[À écouter afin de se mettre dans l'ambiance.]
L'aube se lève sur le vallon. De Chaque maison sortent tour à tour les Héritiers du Soleil. Leur tête ornée d'une couronne et d'un médaillon représentant l'Astre, et vêtus de longues robes rouges et blanches ; ils débutèrent leur prière.
Leur campement s'étalait le long d'un large vallon, creusé dans la montagne comme l'empreinte d'un géant l'ayant frappé de son poing. On n'en distinguait pas le fond, masqué par une brume épaisse. De grandes cascades décorées d'arbres ayant pris racines dans les parois rocheuses se perdaient dans ce lac blanc en contre-bas, de part et d'autre de cette majestueuse crevasse. Le plateau était couvert d'herbe rutilante, comme marqués par de nombreux sacrifices. De petites cabanes étaient réparties à distance égale sur le bord de la falaise. Encerclées de grands chênes aux feuillages écarlate, chacune possédait un petit potager dans lequel y était cultivé carottes, pommes de terre et navets ; un enclos où se reposaient volailles et bovins, ainsi qu'un grand bac en briques grises rempli d'eau positionné symétriquement devant le porche.

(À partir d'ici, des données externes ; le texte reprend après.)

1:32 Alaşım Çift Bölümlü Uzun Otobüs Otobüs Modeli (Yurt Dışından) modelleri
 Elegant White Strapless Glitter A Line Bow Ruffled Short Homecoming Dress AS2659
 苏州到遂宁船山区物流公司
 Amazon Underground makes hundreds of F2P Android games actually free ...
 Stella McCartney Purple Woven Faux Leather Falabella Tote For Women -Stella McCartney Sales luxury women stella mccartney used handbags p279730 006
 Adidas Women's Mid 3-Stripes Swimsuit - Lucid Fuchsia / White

Comme chaque matin, ils se positionnent devant ces auges humaines. Ils s'agenouillent ensemble, dans une synchronisation parfaite. Tout en contemplant le Soleil qui se lève, ils tendent leurs bras vers le ciel et entament leur prière. Tous en chœur, comme s'il s'agissait là de leur millième récitation, ils disent :
"Ô, être suprême. Toi qui nourrit la terre et la mer, qui élève tes fils et tes filles de leur naissance à leur dernier soupir. Toi qui punit puis bénit le pêcheur repenti. Toi qui, depuis des millénaires, semble ignorer notre salut. Donne-nous un signe de ta présence. Montre-nous que nos prières ne sont pas vaines. Ramène l'envoyé suprême parmi nous. Nous attendons encore, comme nous l'avons toujours fait. Nous te sommes fidèles et patients. Mais puisses-tu nous annoncer son retour, le retour de celui qui jadis repoussa les fléaux, les maladies, fertilisa les terres que nous cultivons aujourd'hui. Loué soit l'Éternel. Loué soit notre maître. Loué soit Aramire."
Un long silence se fit entendre. Les prêcheurs restèrent un moment comme immobiles, agenouillés, les bras au vent, la tête vers le sol. Ils attendirent une réponse, un signe ; mais rien ne parut hormis le cri des aigles virevoltant au-dessus de la brume. Le Soleil était déjà haut dans le ciel. Une nouvelle fois, l'invocation fut un échec : l'Éternel ne reviendrait pas aujourd'hui encore.
Tous rentrèrent, hormis une femme. Elle était toujours agenouillée devant son bac d'eau. Elle pensait. Elle pesait au sein de sa balance personnelle le pour et le contre. Elle connaissait le rituel impie. Elle savait les risques qu'elle prenait. Les Héritiers du Soleil ne le laisseraient pas l'invoquer ; ils finiraient par l'incinérer comme ceux et celles qui ont déjà réalisé l'incantation. Mais l'appel hérétique résonnait si fortement en elle ; elle ne pouvait plus y résister. Elle serait à la hauteur, elle réussirait là où les autres avaient échoué autrefois ; elle en était convaincue.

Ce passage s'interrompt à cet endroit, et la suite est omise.